Helvetica Neue
Erik Spiekermann
Helvetica Neue (German pronunciation: [ˈnɔʏ̯ə]) is a reworking of the typeface with a more structurally unified set of heights and widths. Other changes include improved legibility, heavier punctuation marks, and increased spacing in the numbers.
Neue Helvetica uses a numerical design classification scheme, like Univers. The font family is made up of 51 fonts including nine weights in three widths (8 in normal width, 9 in condensed, and 8 in extended width variants) as well as an outline font based on Helvetica 75 Bold Outline (no Textbook or rounded fonts are available). Linotype distributes Neue Helvetica on CD.[76] Helvetica Neue also comes in variants for Central European and Cyrillic text.
It was developed at D. Stempel AG, a Linotype subsidiary.

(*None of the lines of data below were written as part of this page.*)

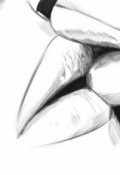 Обложка книги "Я и мой вампир"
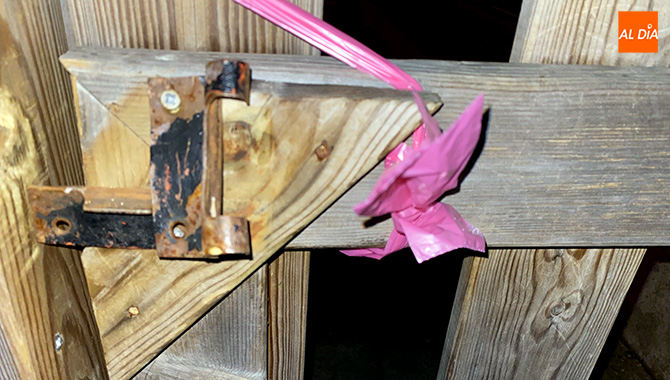 Foto 2 - ‘Ingenio’ ciudadano para cerrar el pipicán con bolsas de excrementos y salvar los destrozados...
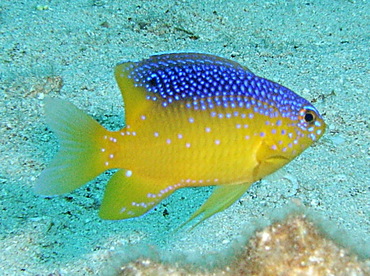 Beaugregory - Stegastes leucostictus - Nassau, Bahamas
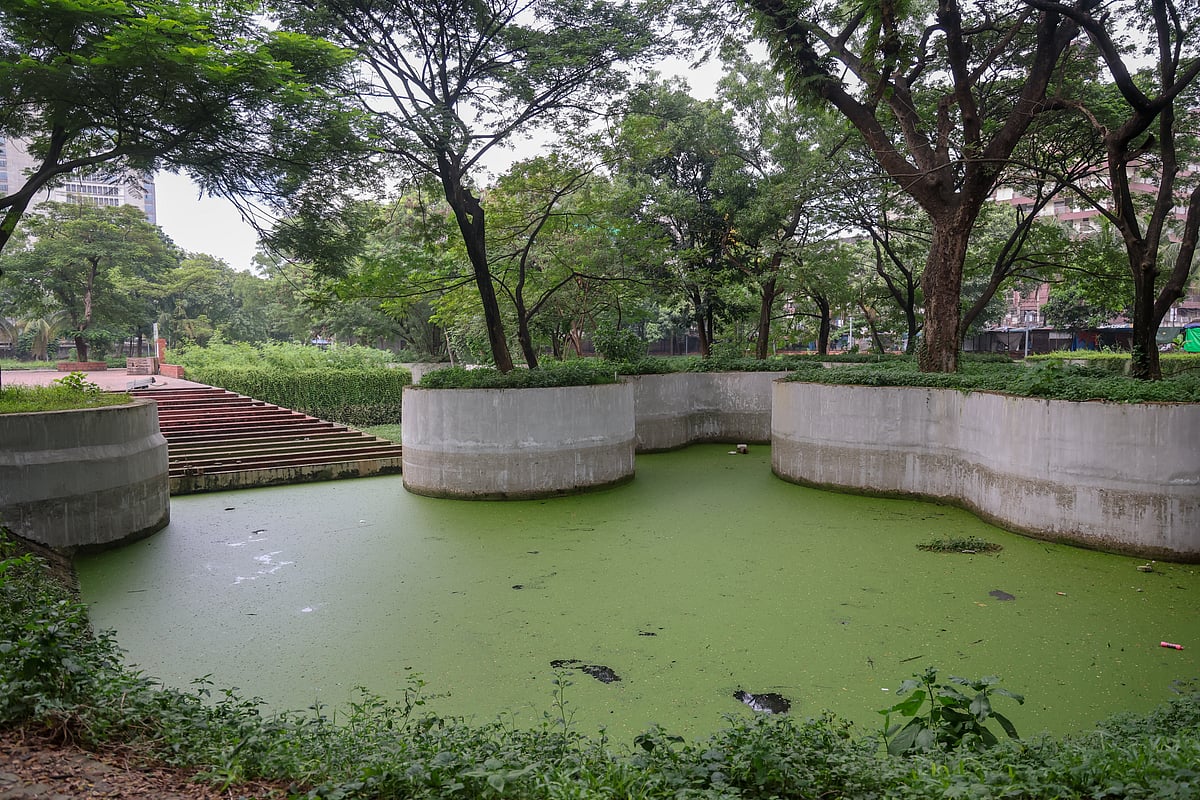 ओस्करी पार्क निर्माण की वजह से बदल रहा है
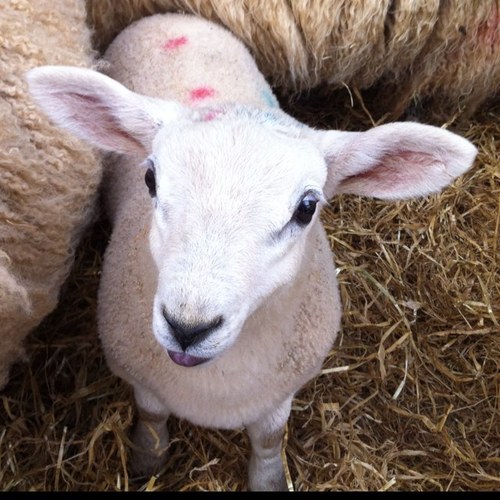 trideout's profile picture. 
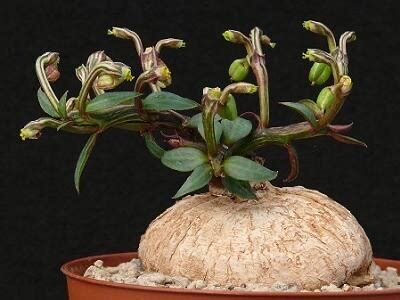 【朴原】人参大戟 Monadenoum rubellum/Euphorbia neo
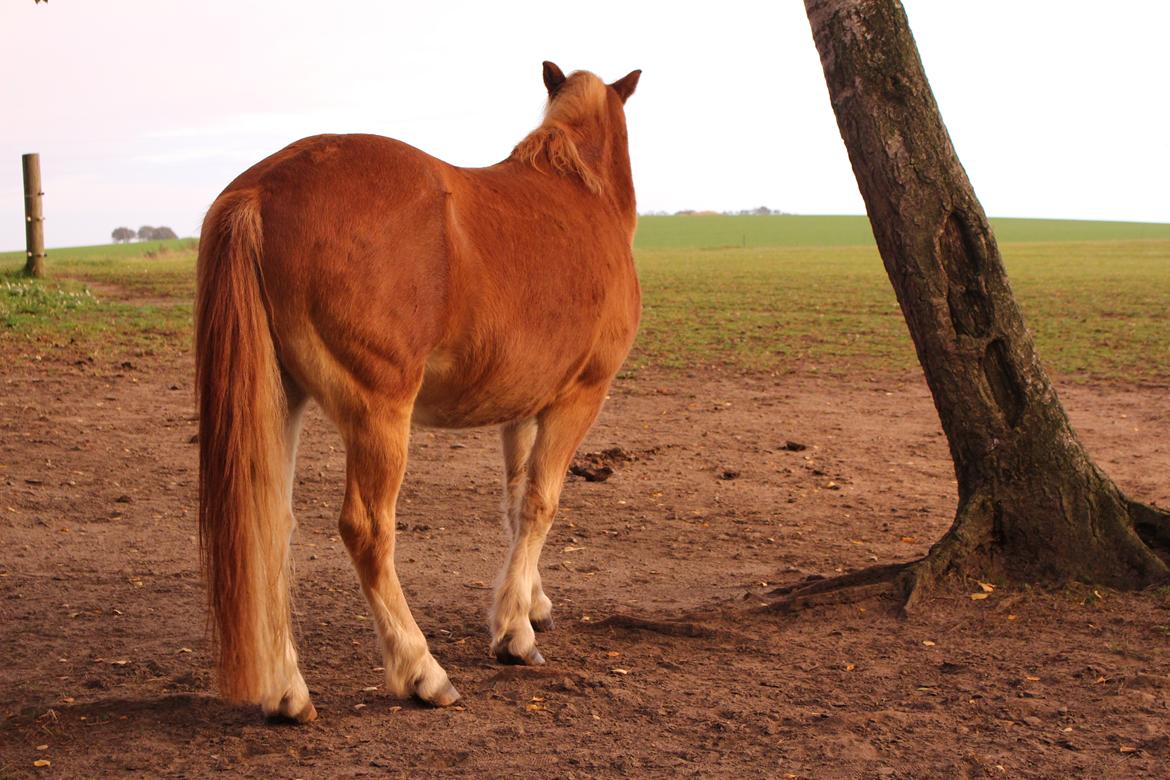 Gotlandsruss Prins (Fantom M) billede 4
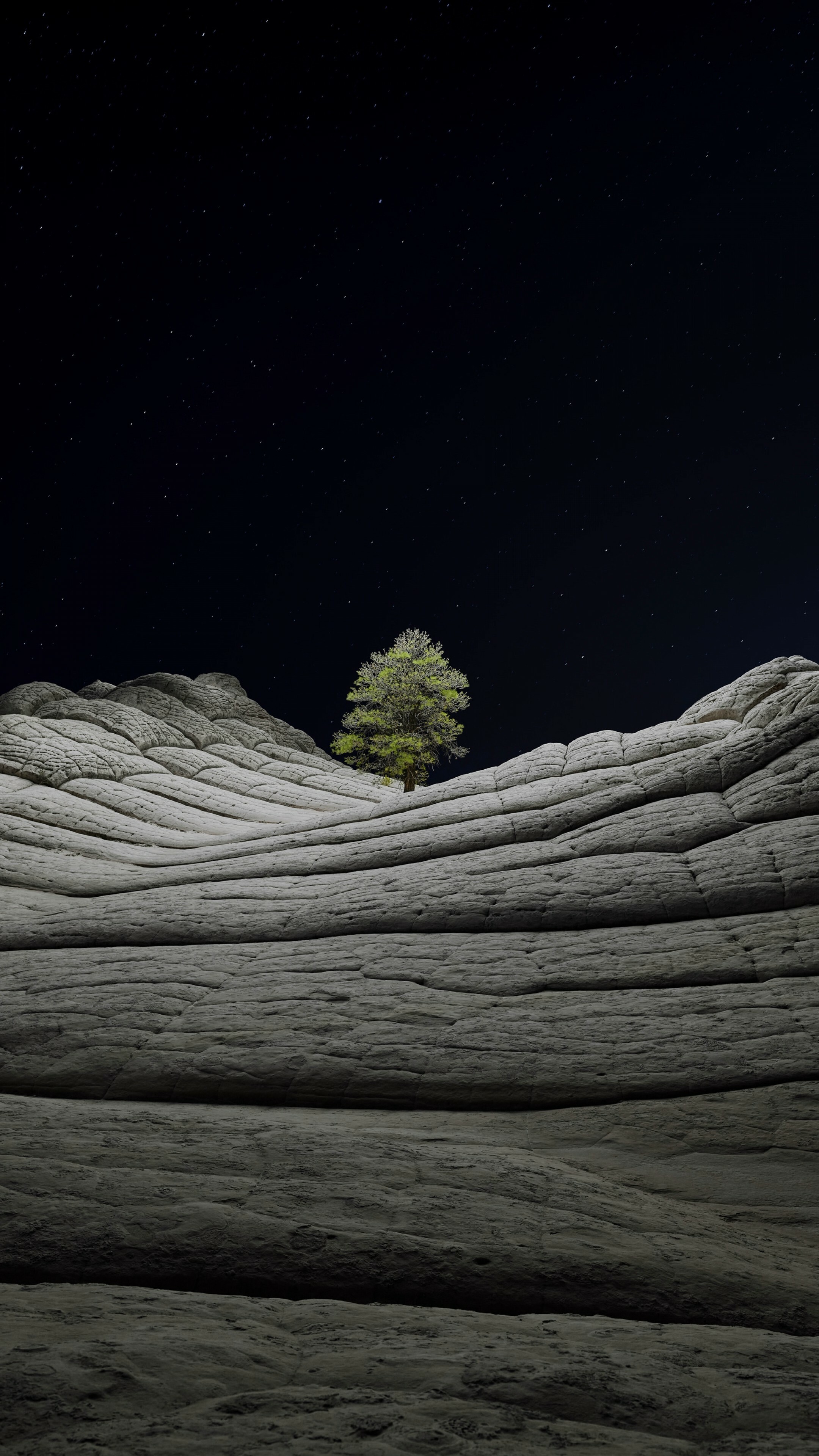 Desert night scenery, Illuminated tree silhouette, Mesmerizing starry sky, Fascinating contrast, 2160x3840 4K Phone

The studio manager was Wolfgang Schimpf, and his assistant was Reinhard Haus; the manager of the project was René Kerfante. Erik Spiekermann was the design consultant and designed the literature for the launch in 1983.[77][78] Figures were widened and some condensed weights changed from having nearly flat-sided verticals to a more continuous curve throughout the entire height.[79]

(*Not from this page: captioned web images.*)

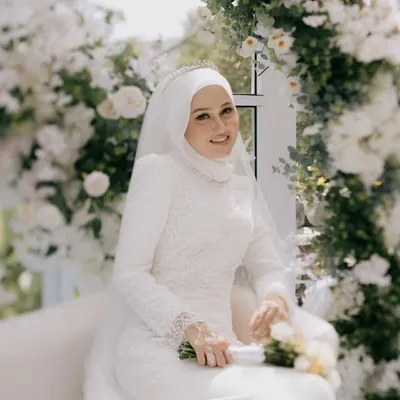 Anis profile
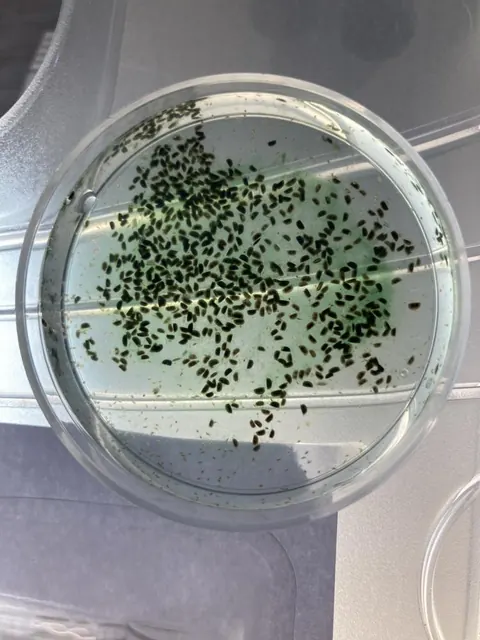 Daphnia magna kultūra stikliniame inde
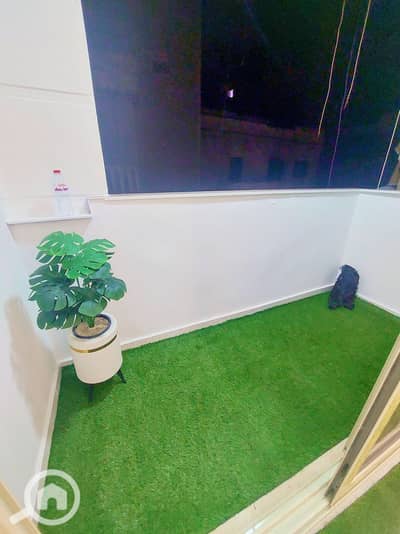 3 Bedroom Flat for Sale in Sidi Beshr, Alexandria - 536273069_24458475360436225_6636691263111643861_n. jpg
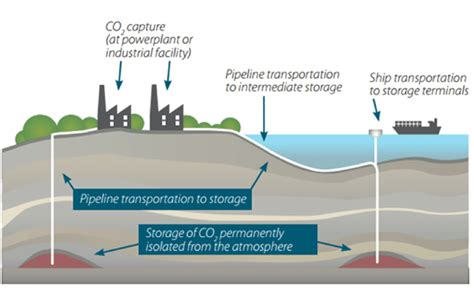 Cattura E Stoccaggio Della CO2 Rilegno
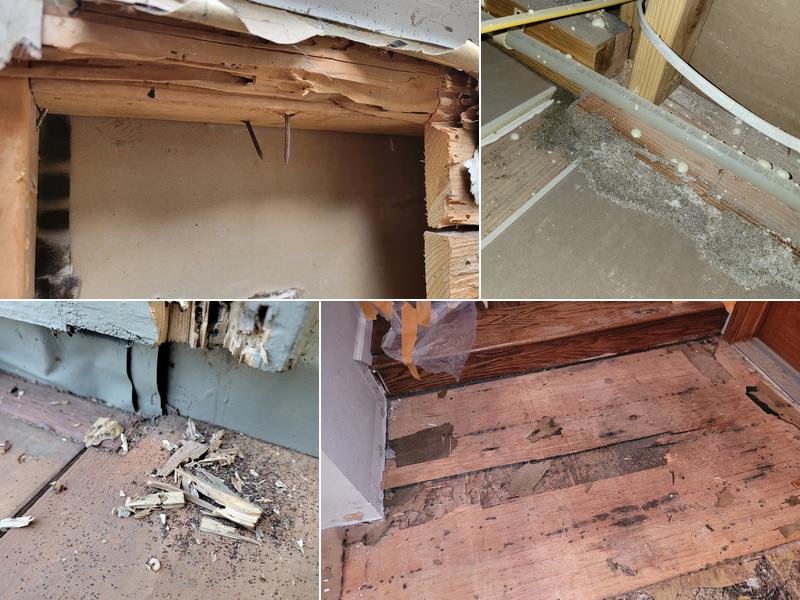 J & M Termite Control Inc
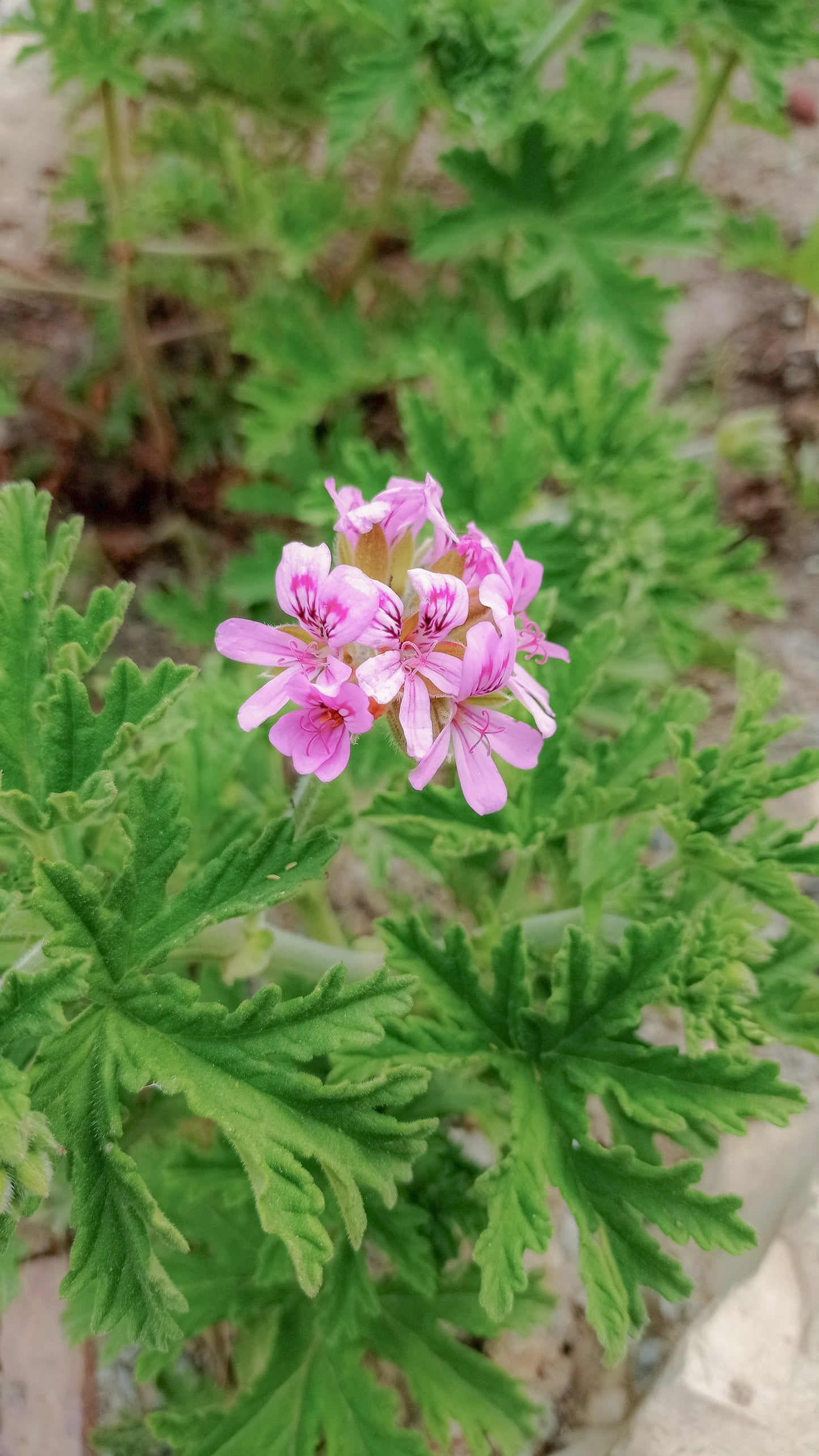 ROSE GERANIUM HYDROSOL / Pelargonium graveolens plant water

Designer Christian Schwartz, who would later release his own digitisation of the original Helvetica designs (see below), expressed disappointment with this and other digital releases of Helvetica: “digital Helvetica has always been one-size-fits-all, which leads to unfortunate compromises…the spacing has ended up much looser than Miedinger’s wonderfully tight original at display sizes but much too tight for comfortable reading at text sizes."[80]

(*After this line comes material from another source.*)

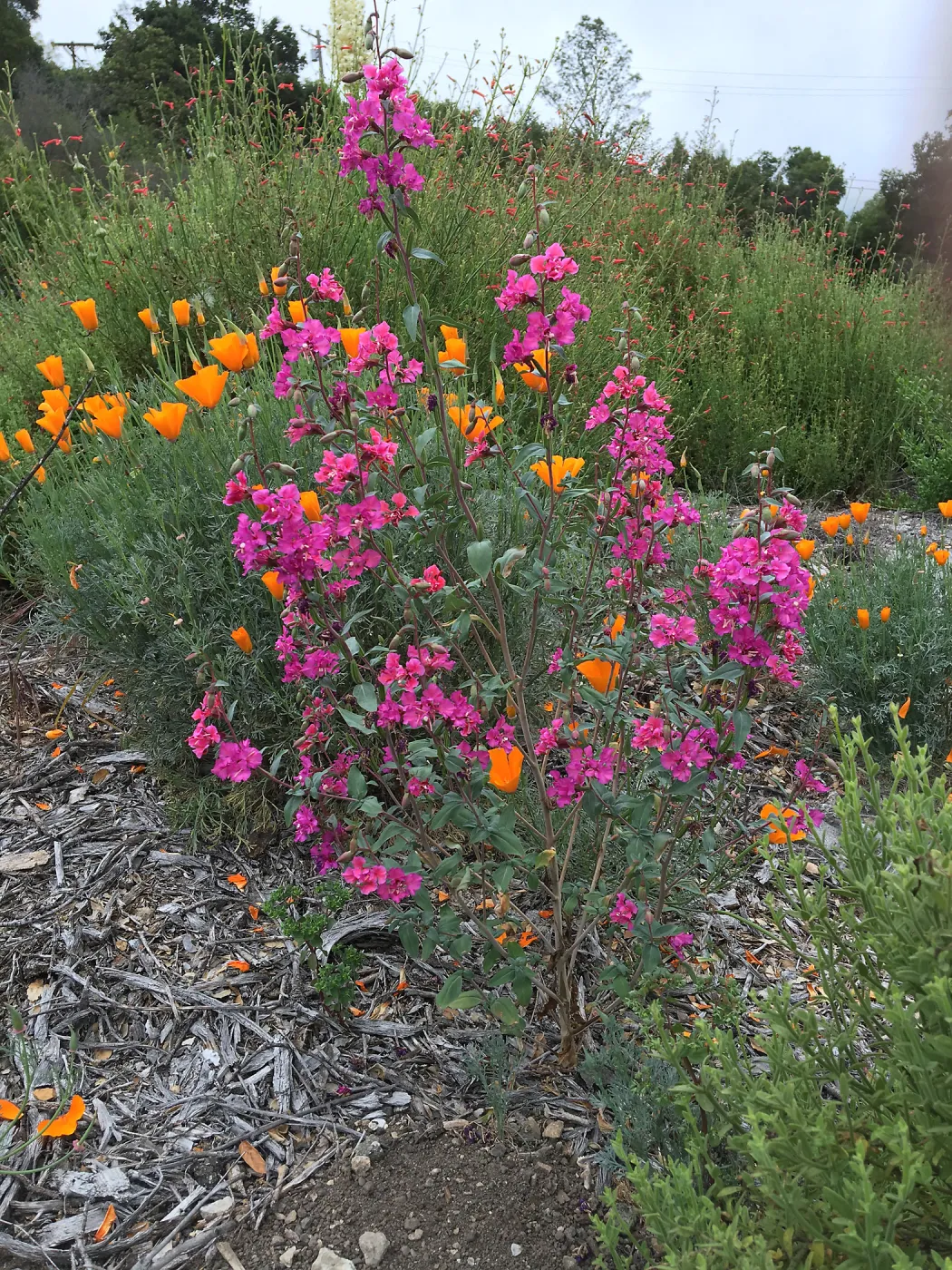 Clarkia unguiculata at the Tunnel Rd Triangle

iOS used first Helvetica then Helvetica Neue[81] as its system font. All releases of macOS prior to OS X Yosemite used Lucida Grande as the system font. The version of Helvetica Neue used as the system font in OS X 10.10 is specially optimised; Apple’s intention is to provide a consistent experience for people who use both iOS and OS X.[82][83] Apple replaced Helvetica Neue with San Francisco in iOS 9 and OS X El Capitan.[84]